Action item
Please make sure what you return matches the listing below exactly, minus its pictures.

Available data
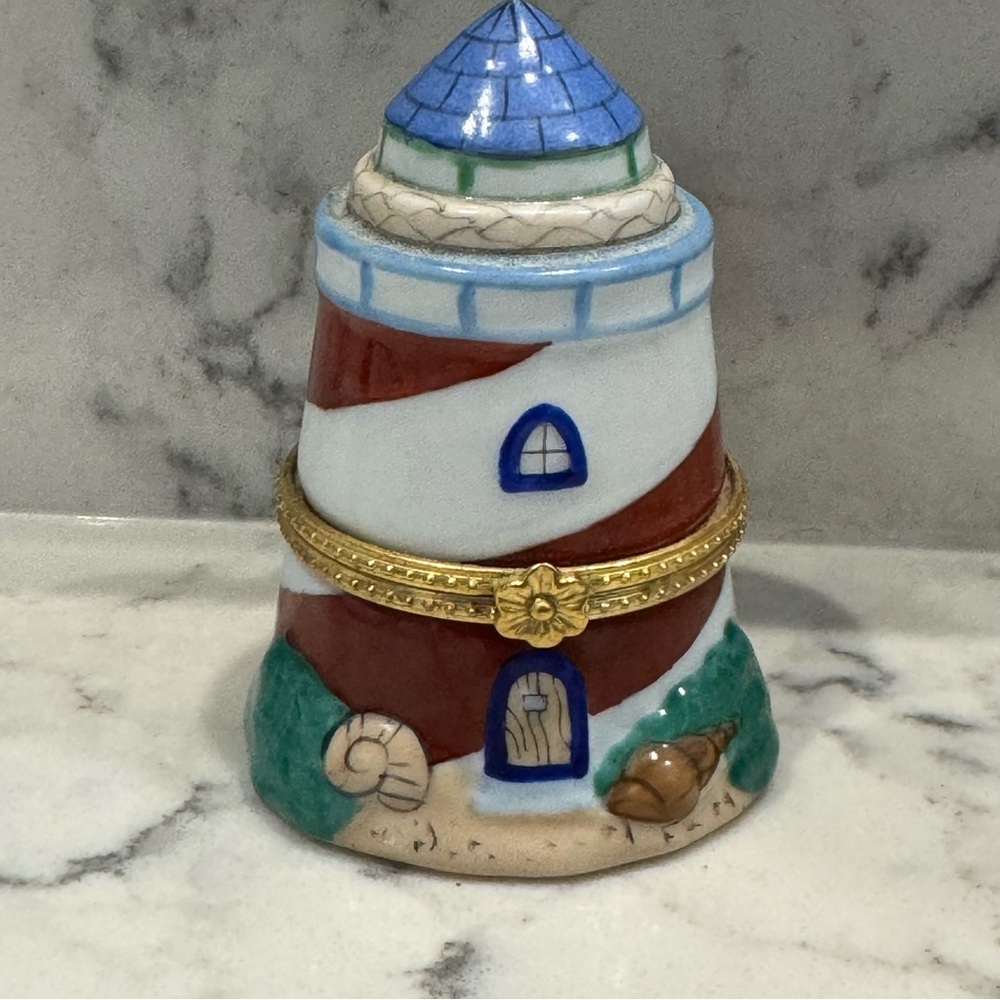 Lighthouse Trinket Box with Blue Roof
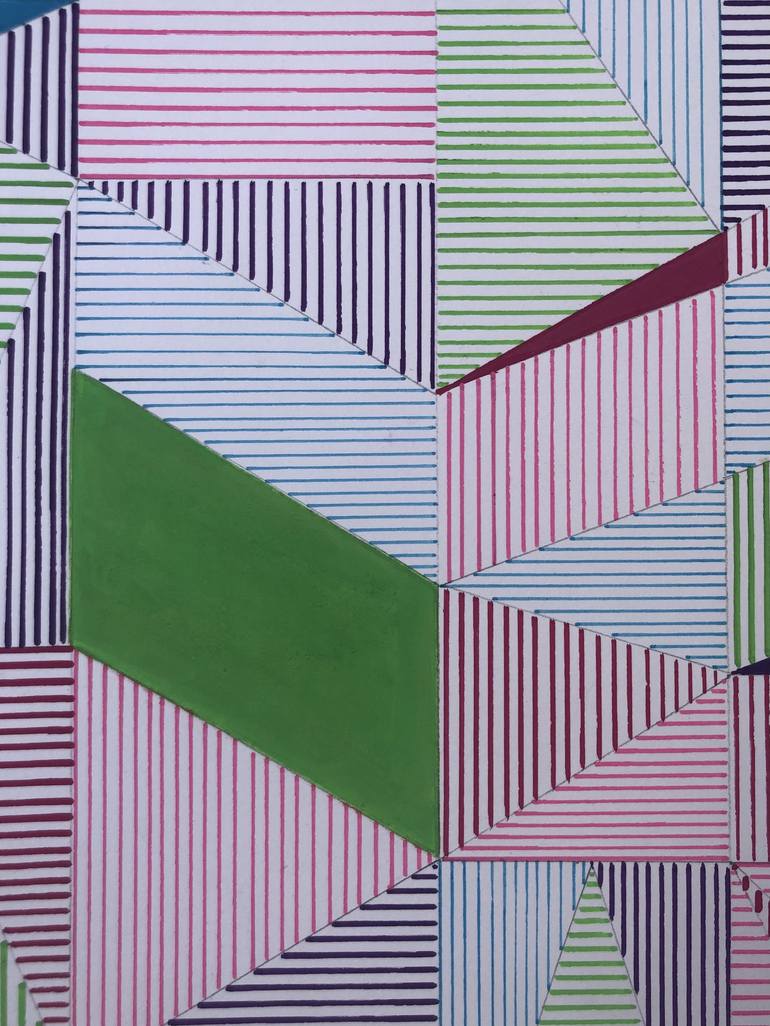 Original Geometric Painting by veronica romualdez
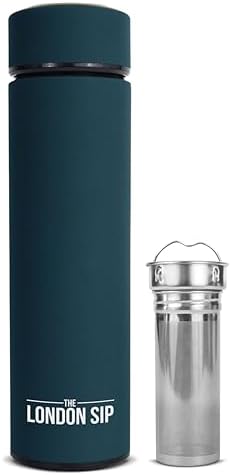 London Sip Multi-Purpose Tea Infuser Travel Mug and Tumbler Fruit Infuser Flask Hot and Cold Double Wall Stainless Steel Thermos with Extra-Long Infuser, Midnight Teal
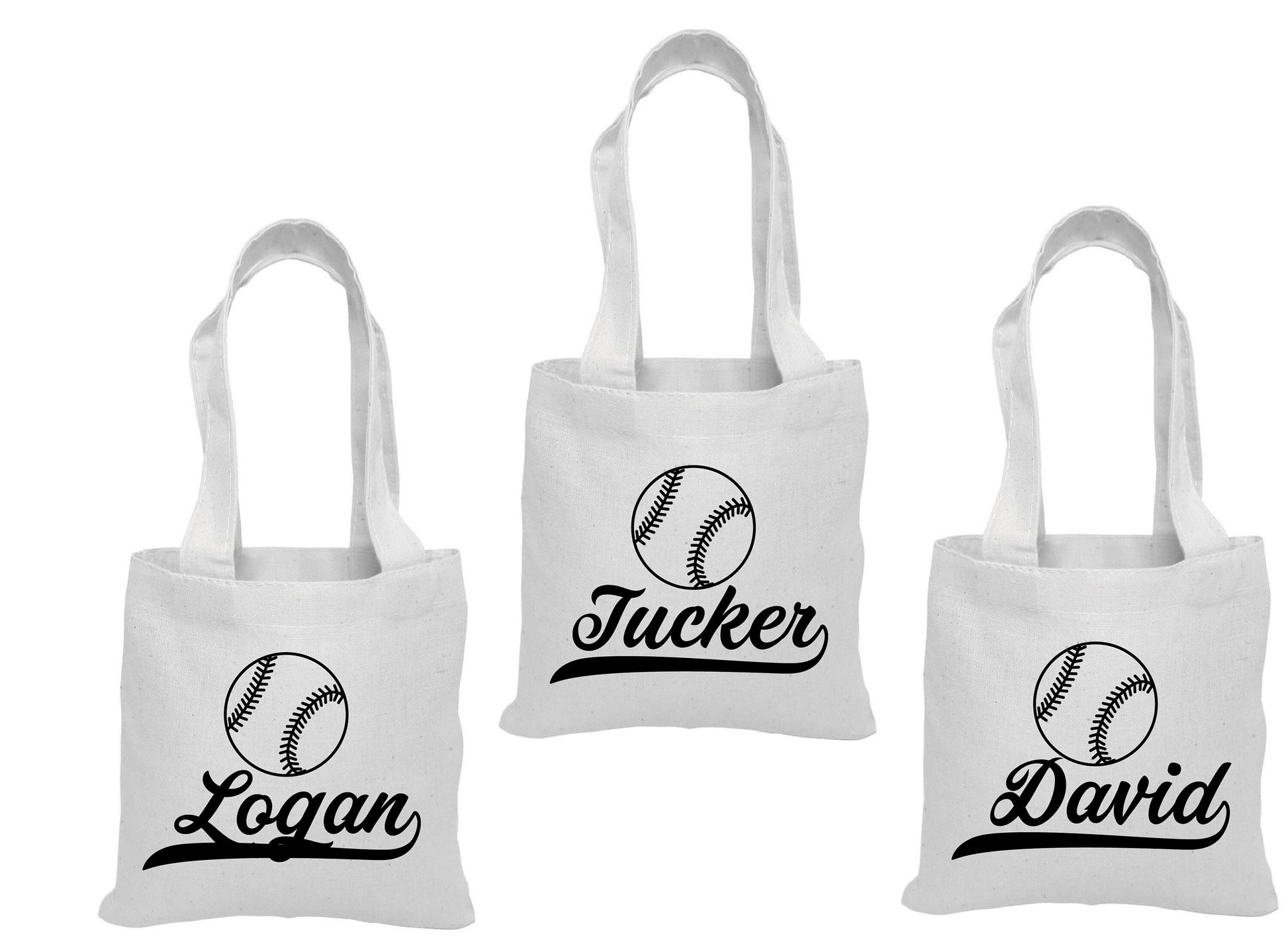 Personalized Baseball Favor Bags – Custom Name Cotton Totes, Team Party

Your solution
 Lighthouse Trinket Box with Blue Roof
 Original Geometric Painting by veronica romualdez
 London Sip Multi-Purpose Tea Infuser Travel Mug and Tumbler Fruit Infuser Flask Hot and Cold Double Wall Stainless Steel Thermos with Extra-Long Infuser, Midnight Teal
 Personalized Baseball Favor Bags – Custom Name Cotton Totes, Team Party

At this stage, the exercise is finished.